Posted 04/09/2013
Efforts by the Hawai`i County Council to outlaw aerial hunting of mouflon and sheep on Mauna Kea have been struck down by U.S. District Judge J. Michael Seabright.
Following a short hearing in Seabright’s courtroom on April 8, he issued an order that will protect the state of Hawai`i and any of its contractors from prosecution by the county for violation of the ordinance adopted last year and intended to stop the aerial shoots.
Seabright found that a court-sanctioned agreement in 1998, specifying state actions to comply with an order to protect the endangered palila bird (Loxiodes bailleui), gave the state immunity against any efforts by county prosecutors to enforce the ordinance or a state law that prohibits shooting wildlife in flight — a law that, in its 20 years of existence, has never been enforced.

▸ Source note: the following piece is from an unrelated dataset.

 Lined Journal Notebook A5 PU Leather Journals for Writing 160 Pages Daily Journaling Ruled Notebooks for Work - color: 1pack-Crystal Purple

David Henkin, the Earthjustice attorney representing the plaintiffs in the original lawsuit — the Hawai`i Chapter of the Sierra Club, the Hawai`i Audubon Society, and the National Audubon Society — stated in a news release: “We reached a court-ordered agreement with DLNR in 1998 that a minimum of two aerial hunts per year were needed if we were to have any chance of removing sheep and goats from Mauna Kea. DLNR should not have suspended those hunts without talking to us and the court first. That decision really set back efforts to save the palila, but hopefully we can get back on track.”
According to the press release, Earthjustice didn’t find out that the state had suspended hunts until February of this year. It then prodded the DLNR to return to court to resolve the issue. The DLNR and Earthjustice jointly asked the court to find that the ordinance did not prohibit the state’s aerial shoots.